(Study material)
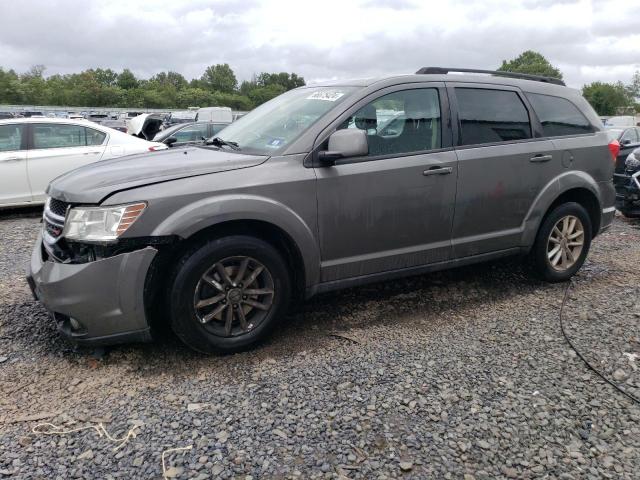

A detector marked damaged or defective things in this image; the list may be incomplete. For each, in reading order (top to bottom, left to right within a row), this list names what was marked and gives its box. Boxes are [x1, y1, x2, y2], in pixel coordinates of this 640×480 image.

exposed wheel well [544, 188, 600, 236]
damaged front bumper [608, 168, 640, 215]
damaged front bumper [26, 232, 156, 344]
cracked front bumper [27, 232, 158, 344]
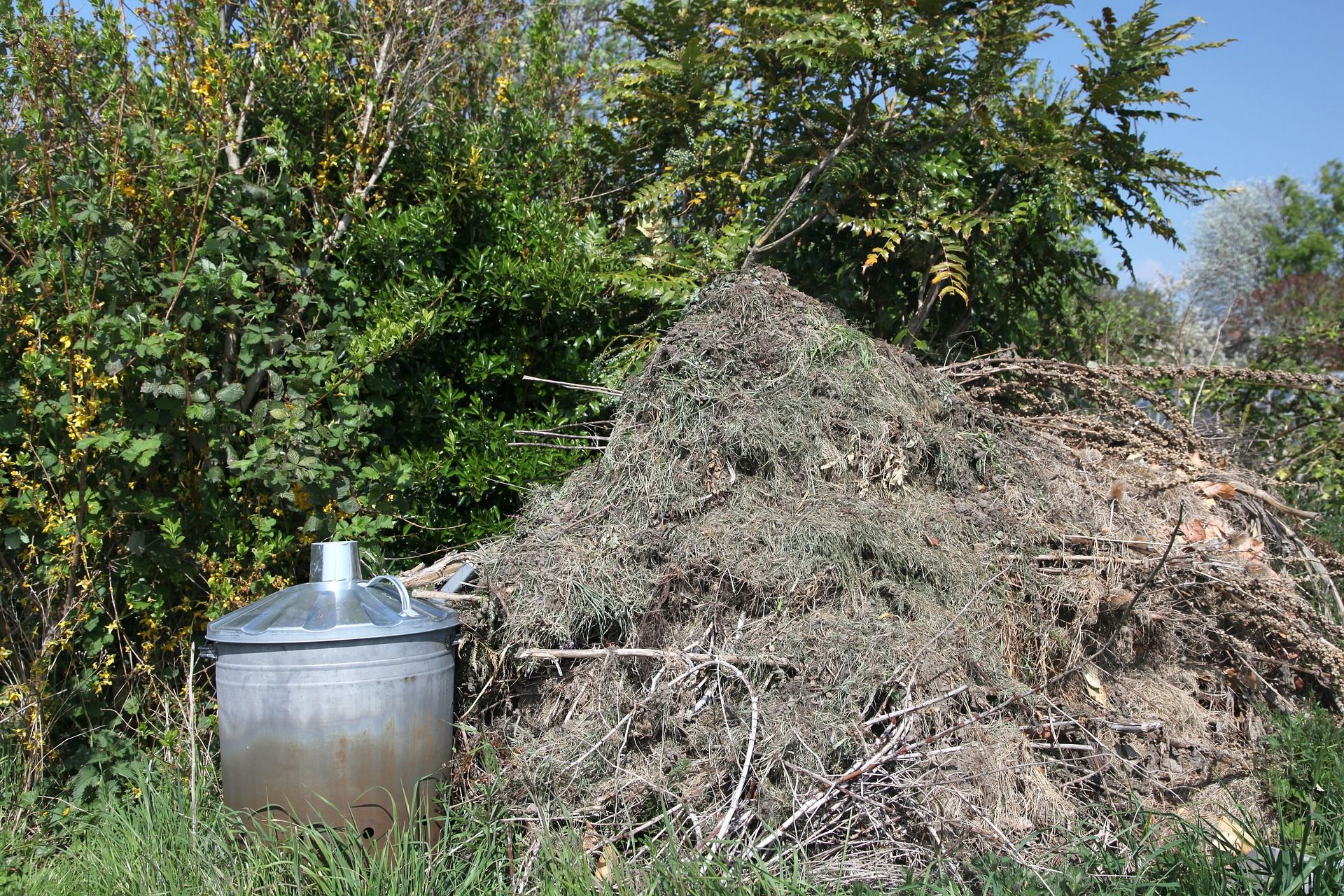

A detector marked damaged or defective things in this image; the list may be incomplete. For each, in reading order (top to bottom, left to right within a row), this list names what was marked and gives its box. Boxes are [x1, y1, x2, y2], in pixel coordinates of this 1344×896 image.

rusty stain on bin [204, 540, 462, 848]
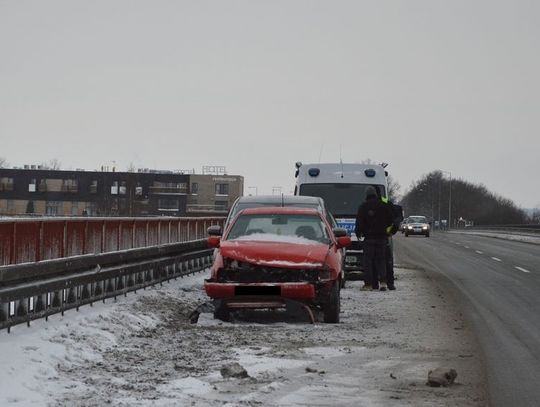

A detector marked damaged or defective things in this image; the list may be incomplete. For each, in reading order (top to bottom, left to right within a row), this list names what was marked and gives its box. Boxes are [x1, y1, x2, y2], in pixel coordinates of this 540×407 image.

crumpled car hood [217, 241, 326, 270]
damaged red car [202, 209, 350, 324]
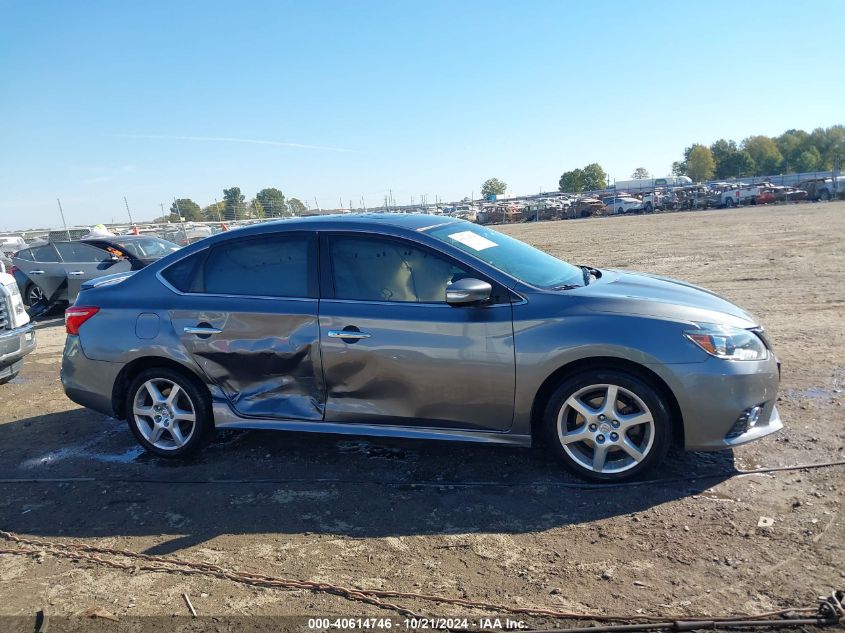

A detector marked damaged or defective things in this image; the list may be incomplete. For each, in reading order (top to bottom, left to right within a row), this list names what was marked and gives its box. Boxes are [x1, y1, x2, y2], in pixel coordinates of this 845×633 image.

damaged car in background [62, 215, 780, 482]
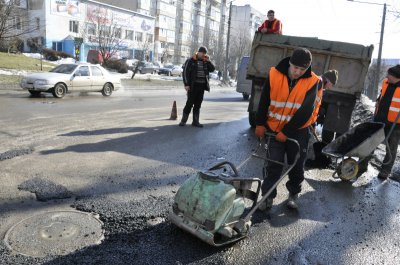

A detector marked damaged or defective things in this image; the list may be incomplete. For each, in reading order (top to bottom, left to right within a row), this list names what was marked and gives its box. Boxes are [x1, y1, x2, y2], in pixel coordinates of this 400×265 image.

gray asphalt patch [18, 176, 72, 201]
pothole in asphalt [3, 209, 104, 256]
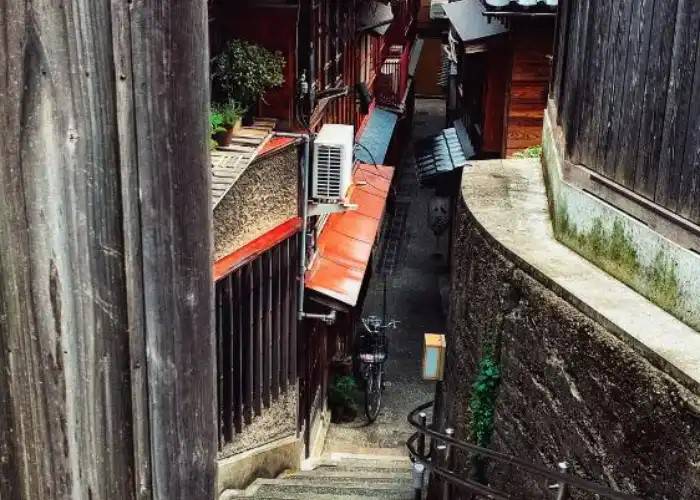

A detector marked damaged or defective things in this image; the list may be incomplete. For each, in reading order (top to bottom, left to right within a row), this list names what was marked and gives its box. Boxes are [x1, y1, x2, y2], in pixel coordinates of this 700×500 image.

rusty metal roof panel [304, 163, 396, 308]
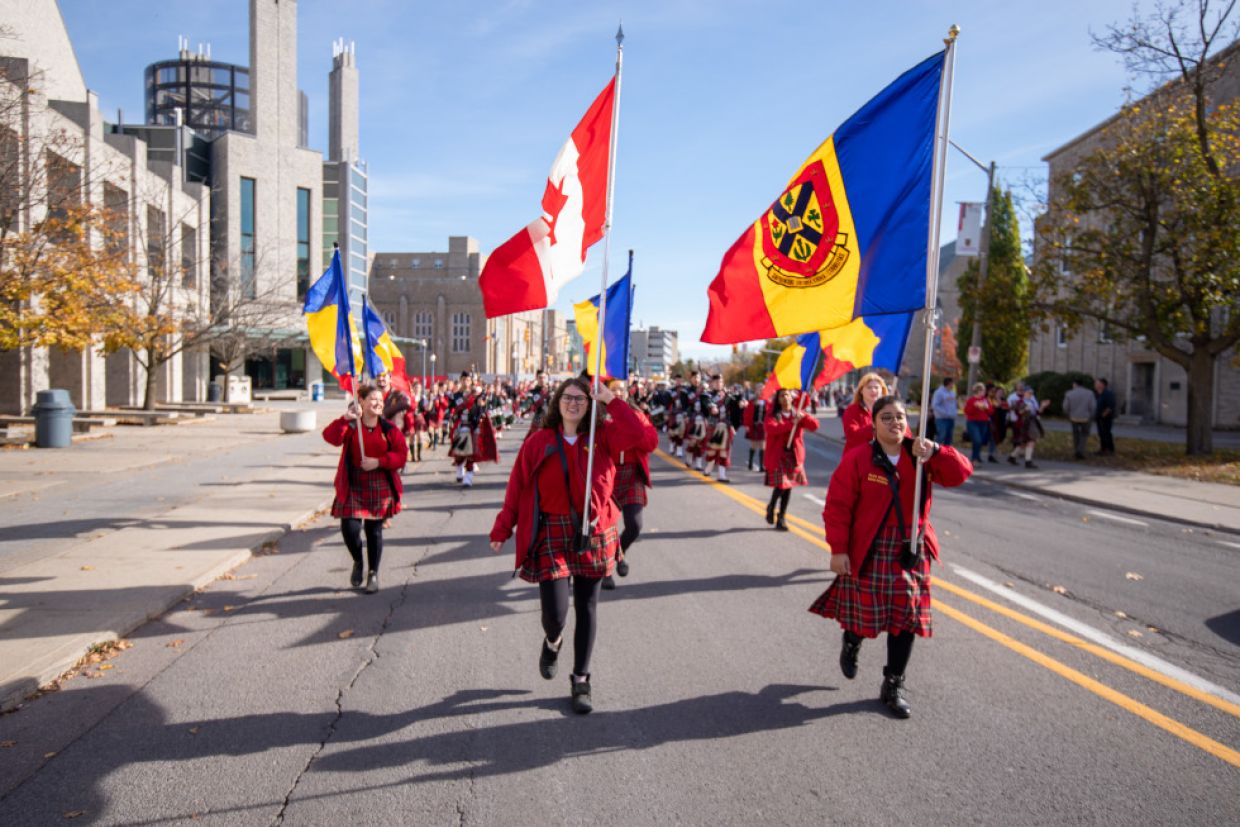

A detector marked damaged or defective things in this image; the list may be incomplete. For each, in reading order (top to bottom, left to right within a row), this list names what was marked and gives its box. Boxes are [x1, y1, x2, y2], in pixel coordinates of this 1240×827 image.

sidewalk crack [271, 572, 411, 823]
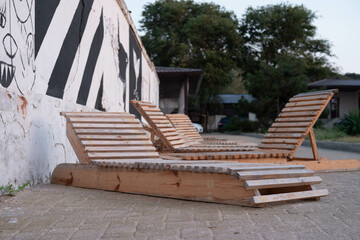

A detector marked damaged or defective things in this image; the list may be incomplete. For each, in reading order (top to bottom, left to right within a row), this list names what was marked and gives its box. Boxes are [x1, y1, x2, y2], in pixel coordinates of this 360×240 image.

cracked wall surface [0, 0, 159, 186]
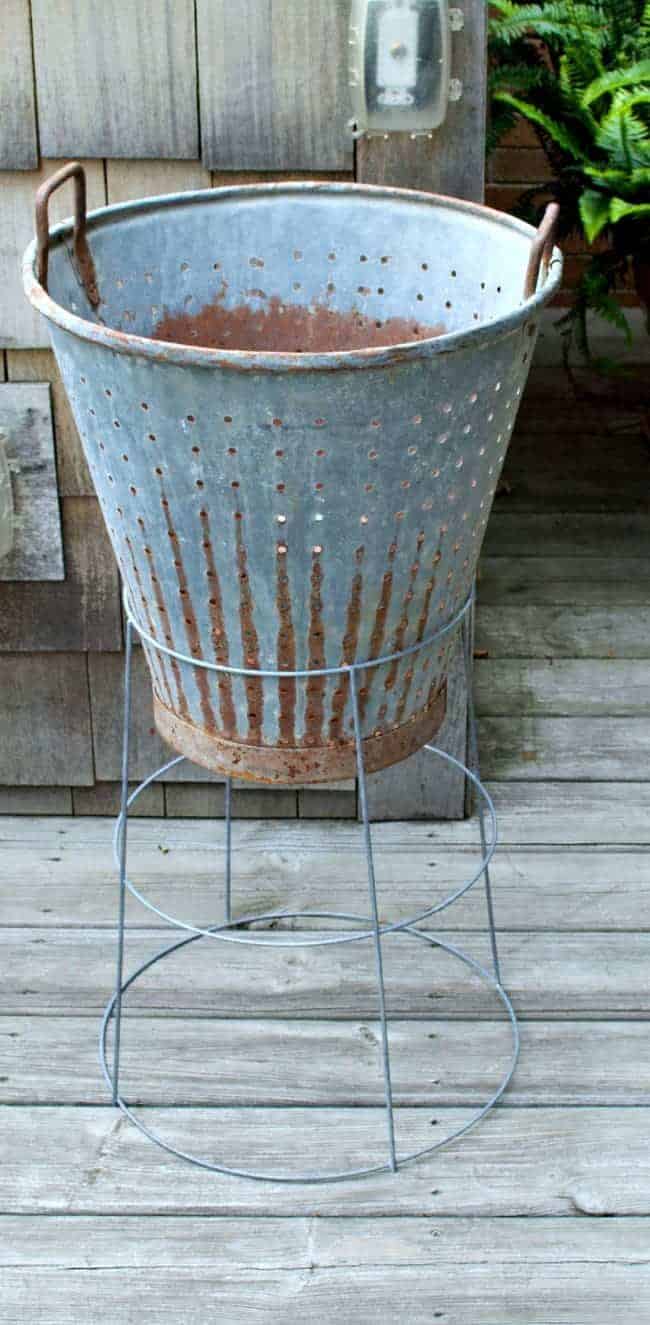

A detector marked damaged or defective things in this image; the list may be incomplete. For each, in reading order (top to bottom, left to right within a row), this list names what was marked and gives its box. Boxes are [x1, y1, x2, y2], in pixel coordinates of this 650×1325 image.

rust stain [153, 290, 446, 352]
rusty perforated colander [22, 170, 560, 784]
rust stain [141, 536, 190, 728]
rust stain [159, 492, 218, 736]
rust stain [200, 508, 238, 740]
rust stain [234, 512, 262, 740]
rust stain [274, 544, 294, 748]
rust stain [302, 552, 324, 748]
rust stain [326, 548, 362, 748]
rust stain [356, 536, 398, 728]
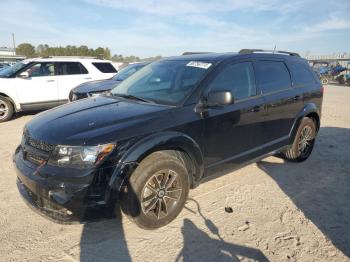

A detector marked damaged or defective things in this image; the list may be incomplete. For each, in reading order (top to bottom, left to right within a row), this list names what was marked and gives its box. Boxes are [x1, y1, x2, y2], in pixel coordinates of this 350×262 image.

damaged front bumper [13, 145, 113, 223]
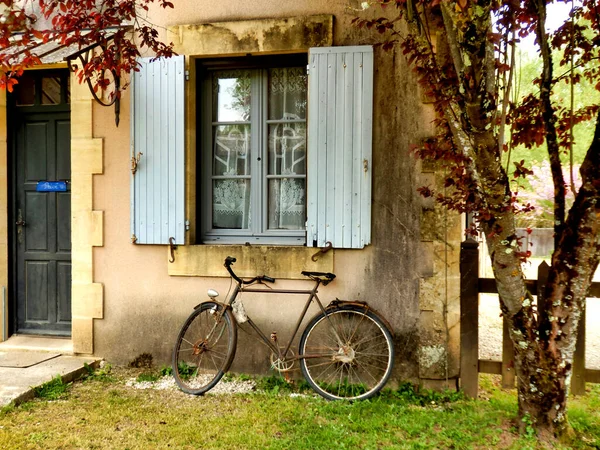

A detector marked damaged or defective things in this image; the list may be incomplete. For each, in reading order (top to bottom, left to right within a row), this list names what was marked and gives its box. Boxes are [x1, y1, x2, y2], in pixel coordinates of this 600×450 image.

old rusty bicycle [170, 256, 394, 400]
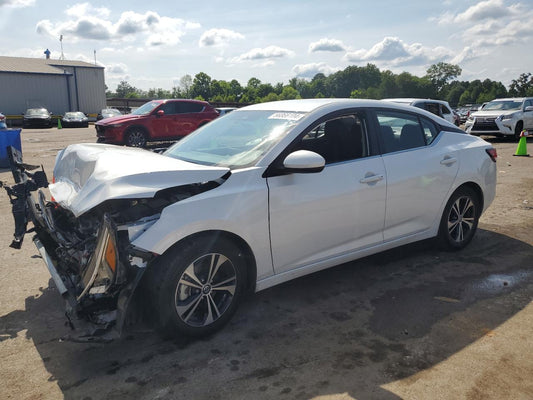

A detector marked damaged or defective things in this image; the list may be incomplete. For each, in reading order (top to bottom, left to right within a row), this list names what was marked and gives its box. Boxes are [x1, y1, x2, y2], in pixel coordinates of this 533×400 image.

damaged front end [3, 145, 230, 340]
crumpled hood [50, 143, 231, 216]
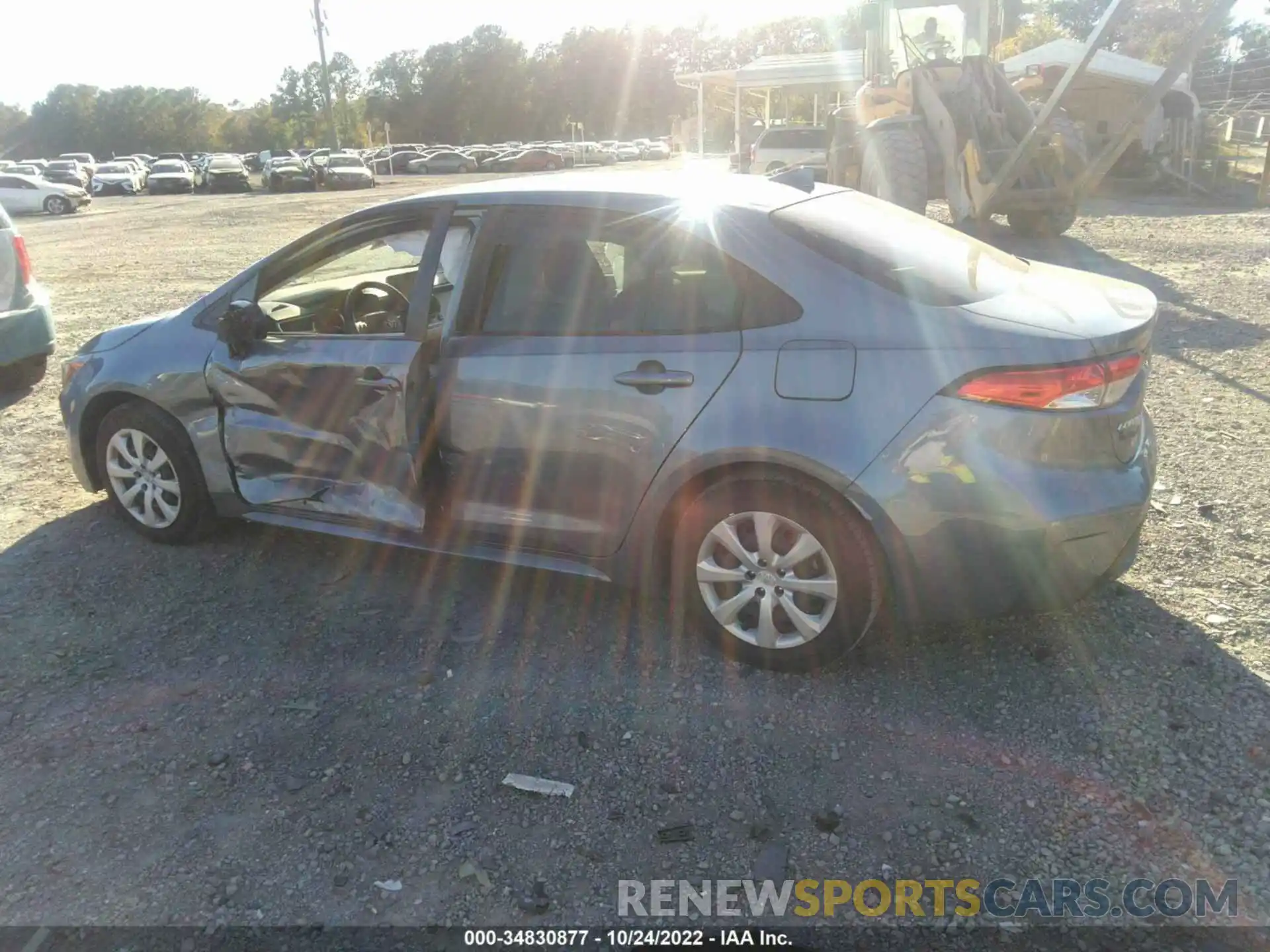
(End Study material)
From the line containing "this 350×262 image." down to the end of the listing above, every line is to be returned exactly, though the pictures are not.

- **Solution to the exercise**:
A detector marked damaged or defective things in this image; the list may be incomplete. For each, in reading order (top to bottom, left to right within a row), this list names what was marked and gives its box. Boxes are [x1, y1, x2, y2], in pixel coordinates of this 350×262 image.

damaged front bumper [13, 145, 113, 223]

A detector marked damaged or defective things in this image; the list may be incomplete. For each, in reading order (top to bottom, left to right within a row), this list names what was marked and gives its box. Boxes are [x1, y1, x2, y2], in pixel coordinates of this 600×450 image.

old rusty bicycle [170, 256, 394, 400]

A detector marked damaged or defective things in this image; the list may be incomplete. For each, in reading order (top to bottom, left to right within a row), this list names what was marked and gives its box. Boxes are [x1, y1, x2, y2], in pixel coordinates of this 533×400 image.

damaged front end [3, 145, 230, 340]
crumpled hood [50, 143, 231, 216]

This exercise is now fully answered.